Nella zona centrale dell’isola di Ventotene si trovano le cisterne romane che erano il cuore del sistema idrico e che garantivano l’approvvigionamento nelle zone abitate.
Le cisterne sono due enormi serbatoi capaci di raccogliere direttamente le acque piovane e indirettamente quelle di filtrazione grazie alla loro particolare struttura.
La Cisterna di Villa Stefania si estende per circa 700 mq mentre quella dei Detenuti si estende oltre i 1200 mq l’altra.

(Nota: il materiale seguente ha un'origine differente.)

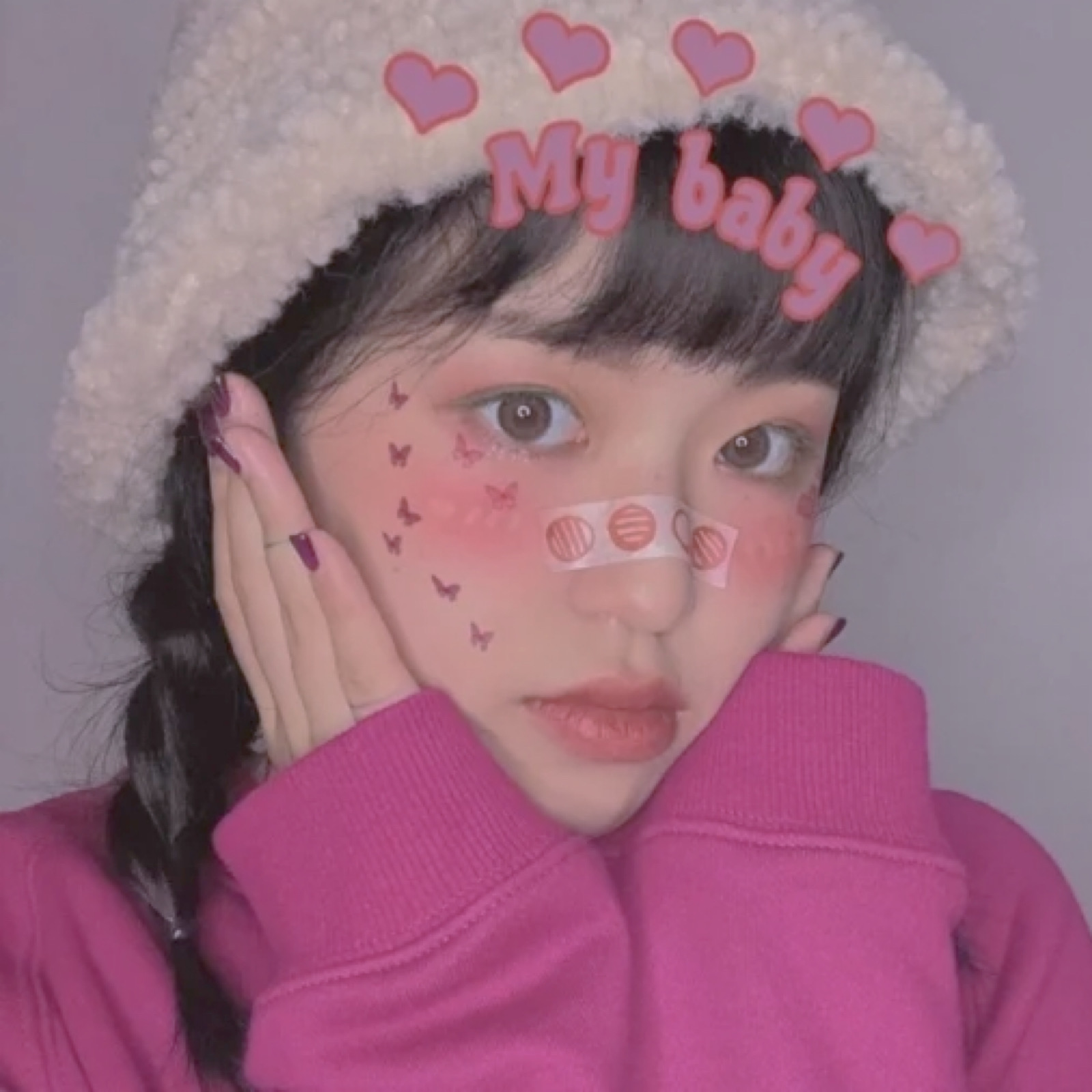 ins女头 二传标注女孩林柚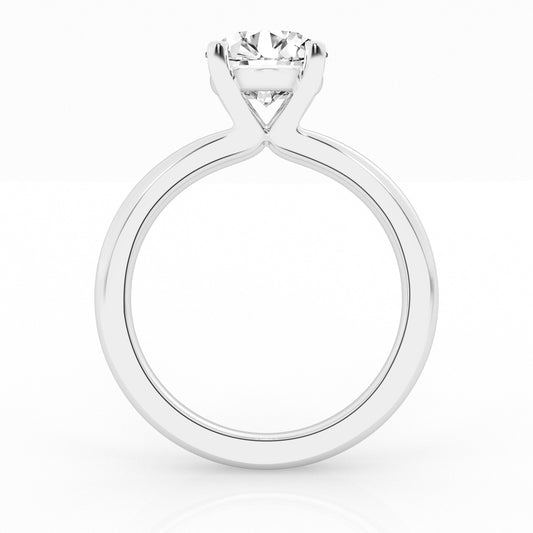 Lab Grown Round Cut Solitaire Ring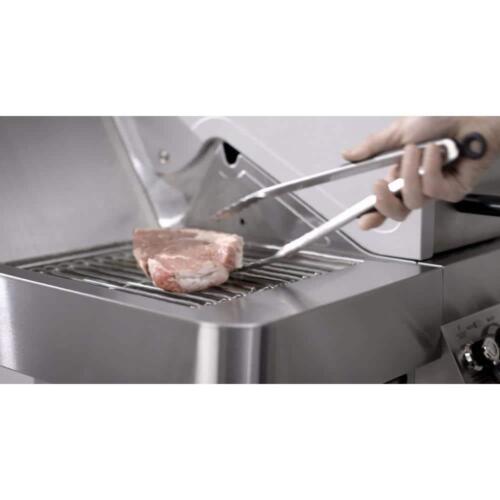 Monument Grills 6-Burner Propane Grill w/ Side+Sear Burners + LED Controls Blue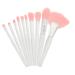1 Set Makeup Brush Make up Powder Applicator for Girl Makeup Long Handle Blusher Makeup Tool Face Beauty Tools Cosmetic Plastic Miss Tool Brush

Entrambe sono ancora intatte grazie al loro rivestimento in cocciopesto.
Le cisterne romane: da acquedotto a carcere
In un’isola priva di sorgenti naturali il problema dell’approvvigionamento idrico è fondamentale per la vita.
Gli ingegneri romani progettarono e realizzarono una mirabile opera con grandi bacini a caduta che raccoglievano l’acqua piovana, la convogliano in una vasca di decantazione per trattenere i detriti e poi la immagazzinavano in una serie di grandi cisterne sotterranee scavate nel tufo.
Una serie di condotte distribuiva poi l’acqua dalle cisterne a tutta l’isola con un perfetto equilibrio di pendenze ben calcolate in cui l’acqua non stagnava e non correva troppo veloce.
I romani sono riusciti a garantire la conservazione e la potabilità dell’acqua nelle cisterne grazie all’impermeabilità delle pareti rivestite di cocciopesto, frammenti di laterizi legati con malta, e alle pendenze della cisterna che favorivano il movimento e la circolazione dell’acqua sfruttando il diverso peso delle acque alle diverse temperatura.
Le cisterne avevano poi un ricambio costante di aria e le presenze di capitoni che garantiva pulizia e continua ossigenazione.
Nel ‘700 i Borboni per il loro progetto di comunità sociale per Ponza e Ventotene chiamano al lavoro 100 forzati che vennero alloggiati in una delle antiche cisterne dell’isola che da quel momento lì prenderà il nome di“Cisterna dei Carcerati”.
Oggi è ancora visibile l’opera di questi uomini che tentarono di rendere la loro prigione una dimora più accogliente.
Sono visibili disegni di paesaggi che forse rievocano i loro paesi d’origine, graffiti con il chiaro messaggio di libertà come barche e scalinate che conducono verso il sole.
Una serie di numeri consecutivi in una delle gallerie più esterne fa penare ai giacigli dei carcerati e in quella che forse era l’infermeria.
Finita la costruzione della Ventotene Borbonica i galeotti lasciarono l’isola e la cisterna venne abbandonata, ma la sua storia ancora oggi riempie lo spirito dell’Isola amata dai Borboni.